**PROVIDED DATA:**
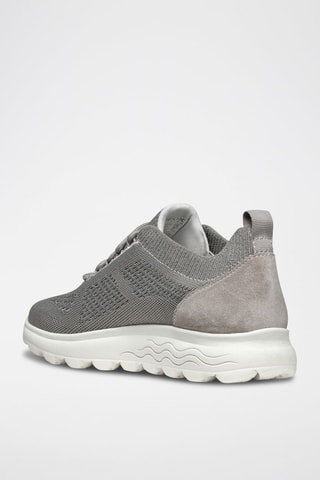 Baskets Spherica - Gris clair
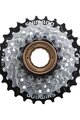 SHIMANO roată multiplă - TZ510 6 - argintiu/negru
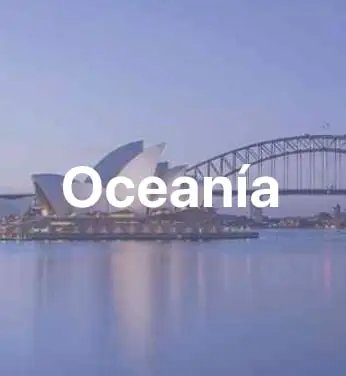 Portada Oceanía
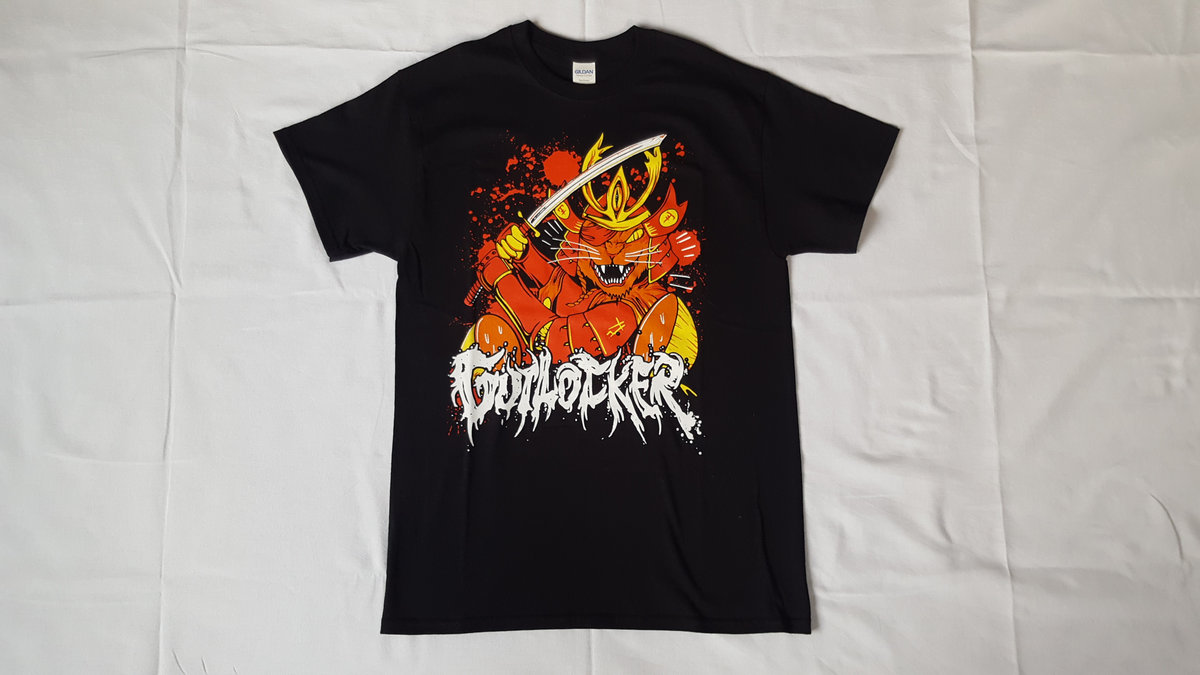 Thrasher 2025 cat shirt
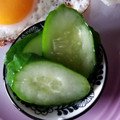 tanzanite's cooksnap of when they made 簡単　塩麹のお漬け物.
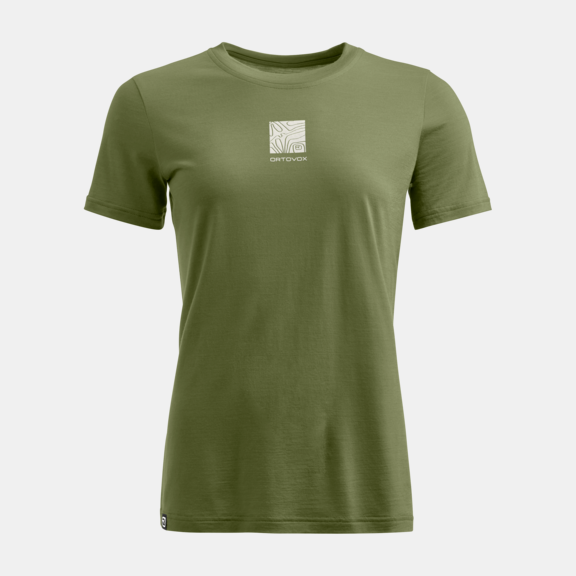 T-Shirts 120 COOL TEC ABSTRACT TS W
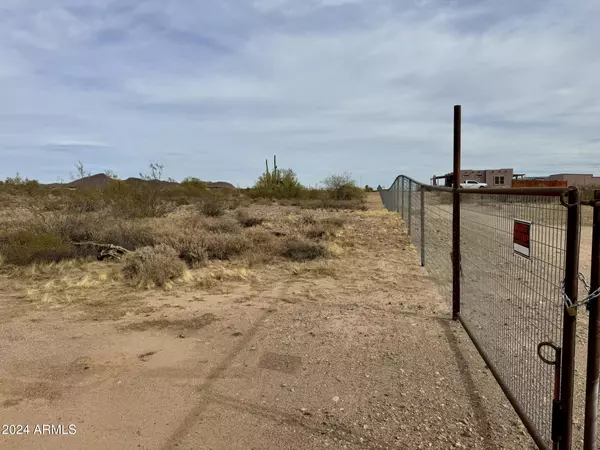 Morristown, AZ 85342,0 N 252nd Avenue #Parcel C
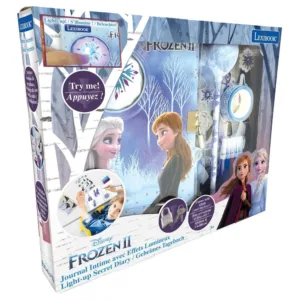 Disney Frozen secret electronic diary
* * *
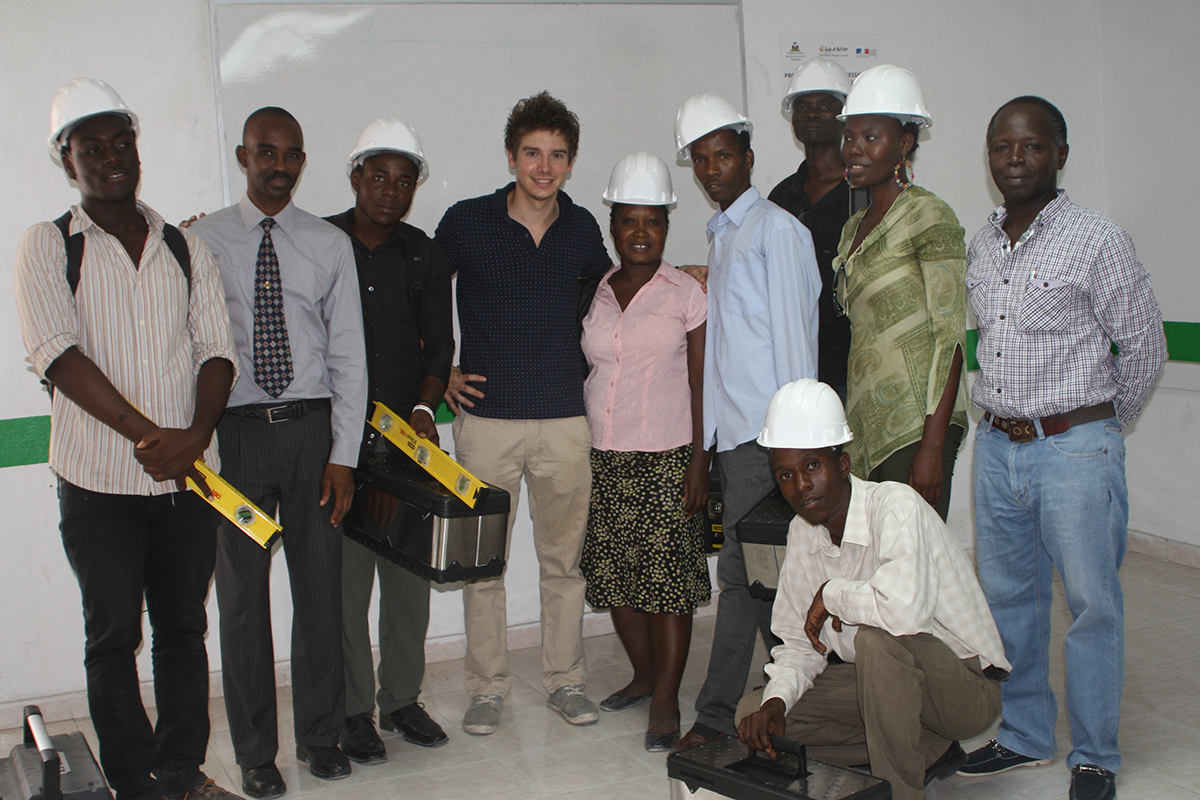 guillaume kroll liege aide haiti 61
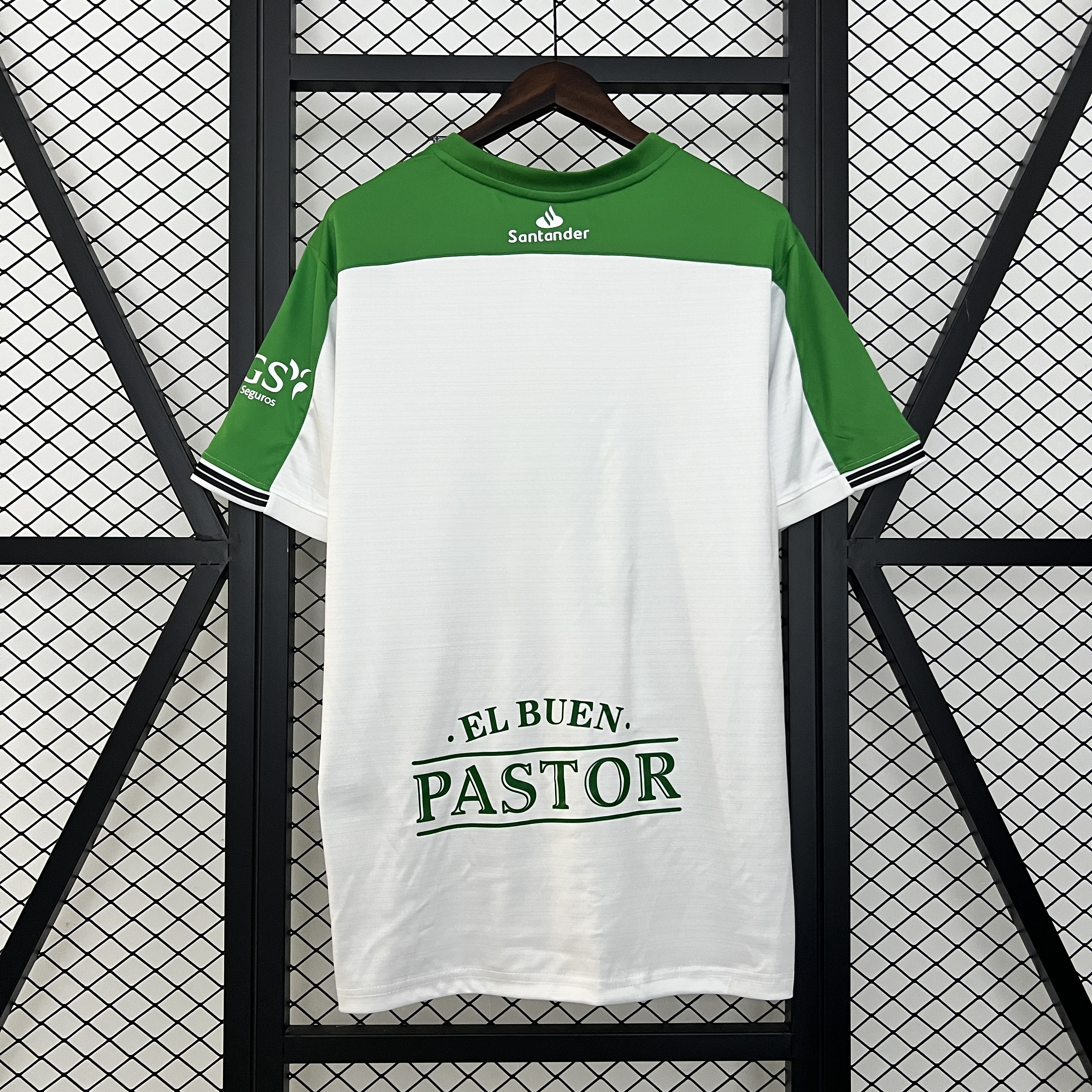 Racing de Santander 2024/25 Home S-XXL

**ASSIGNED TASK:**
Using the data above, which lines fall from the one with "Baskets Spherica - Gris clair" through the one with "Disney Frozen secret electronic diary"? Repeat them exactly, ends included, minus any pictures.

**FINISHED TASK:**
 Baskets Spherica - Gris clair
 SHIMANO roată multiplă - TZ510 6 - argintiu/negru
 Portada Oceanía
 Thrasher 2025 cat shirt
 tanzanite's cooksnap of when they made 簡単　塩麹のお漬け物.
 T-Shirts 120 COOL TEC ABSTRACT TS W
 Morristown, AZ 85342,0 N 252nd Avenue #Parcel C
 Disney Frozen secret electronic diary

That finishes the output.